Still, everyone kind of wanted to get to the Big Room, the SC. But that required work. You had to pass through the entire history of art, even into the 1940s and 50s, to get there. The latter may have been the coolest and most relevant stuff in the building, but the longer you looked at any painting, the more out of step you felt. The rush of tourists swept us along. Even the Raphaels (not Rafaels) along the way got little more than a quick grunt and a wave out of us.

But we made it. As we walked into the SC, we were simultaneously rushed and shushed. The guards to our left were traffic cops, waving us through the door, irritated by every last person who came in. Then we met the noise cops, whose occupation seems to consist of saying “Shhh" for hours on end.

Nevertheless, we were duly impressed. We’d reached the holy center, and you could sense it. Or at least you could sense other people sensing it. The SC is a compact room, utterly dwarfed by the monster scale of St. Peter’s, but that just makes it more authentic and human.

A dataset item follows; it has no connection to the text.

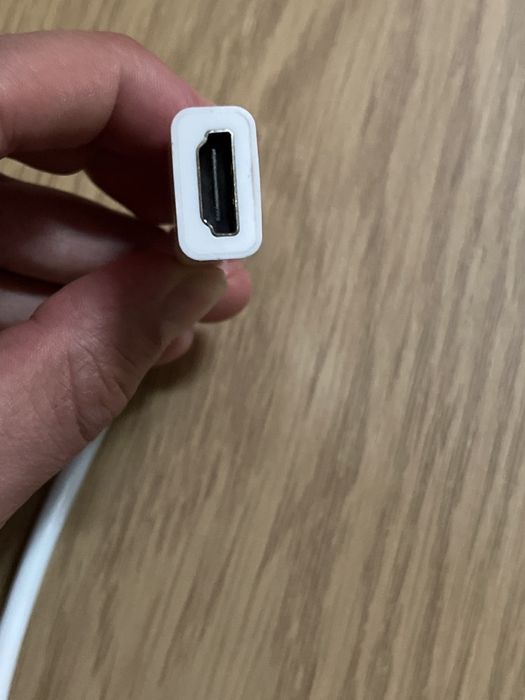 Adapter przejsciowka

God brought man to life at the center of the ceiling, but they weren’t oversize figures the way I remembered them from my days upside down on the couch. From one side to the other, the chapel was a mad display of color, action, violence, emotion—much more than you can grasp without putting a serious crick in your neck. (You have to look directly above to see anything. Some people brought mirrors and looked down into them. Good move.)

While I dimly recognized the brilliant organization of Michelangelo’s ceiling and could feel the crazy energy of his awesome front wall painting, The Last Judgment, (above) it wasn’t art appreciation that compelled me to see the SC. There could have been 10 other Michelangelo works along the way and I probably wouldn’t have thought they were anything special unless someone had pointed them out to me.

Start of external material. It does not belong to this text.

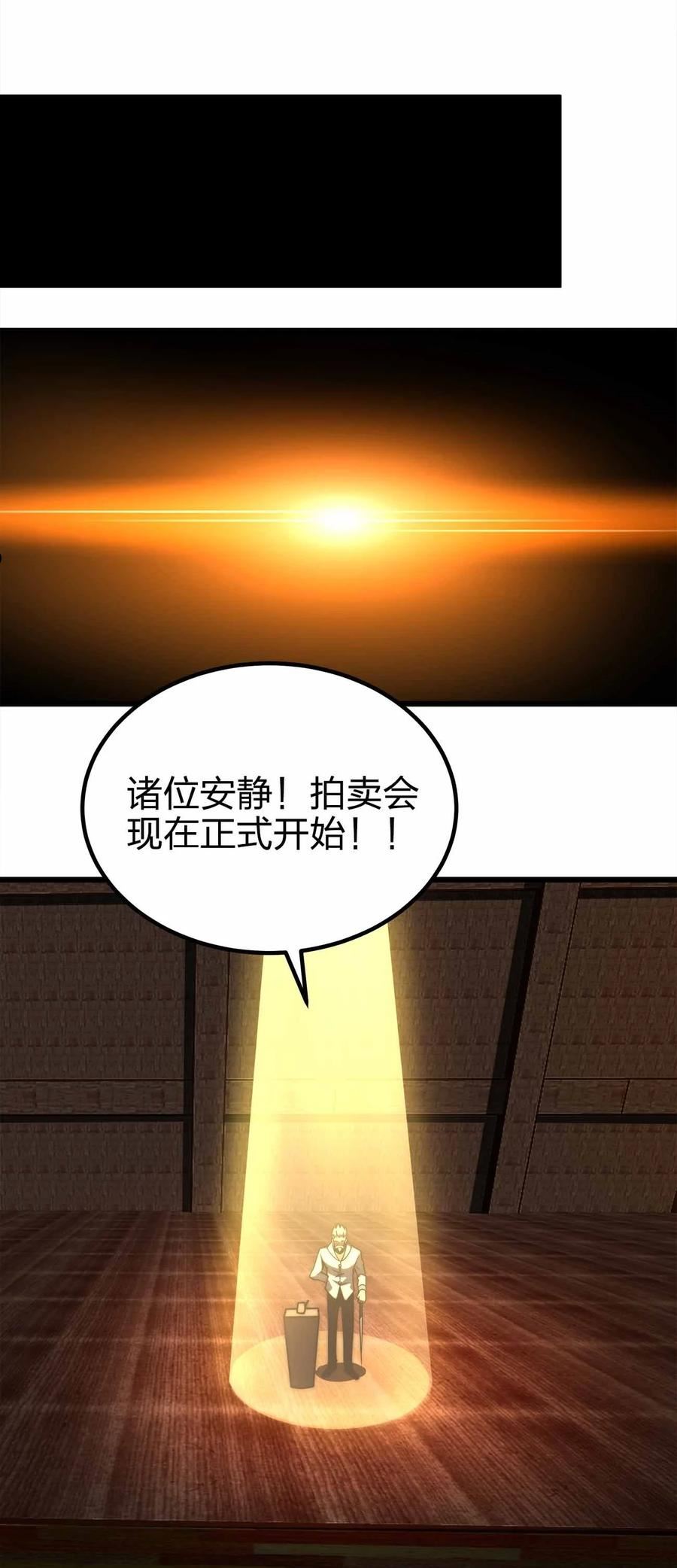 魔王作弊系统漫画,44 算计35图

And it certainly wasn’t history. Here’s a description of the historical meaning behind one of the panels on the wall. “The fresco reproduces three episodes, each of which depicts a rebellion by the Hebrews against God's appointed leaders, Moses and Aaron, along with the ensuing divine punishment of the agitators." The significance of any of that is lost on Americans today, and why should it be otherwise? Though "divine punishment of the agitators" has a certain ring, doesn't it?

It was the simple fame of the building and its art that drew me and a thousand other people that day. Is this a worthwhile reason to go look at something—because it’s already famous? Is there a difference between a modern-day agnostic American going to the Sistine Chapel and going on a celebrity house tour in Beverly Hills? Not one that I can identify right at this moment.

That doesn’t mean it isn’t a thrill. For one thing, the Sistine Chapel is an older room than almost any you’ll step into in the U.S. There’s a sense of a longer history than an American is used to, which is…humbling, I guess. And after reading about the SC for years, now I know what the room feels like. I won’t forget it. It’s like putting a face to a name: “Oh, so that’s what you’re really like…” Good to know.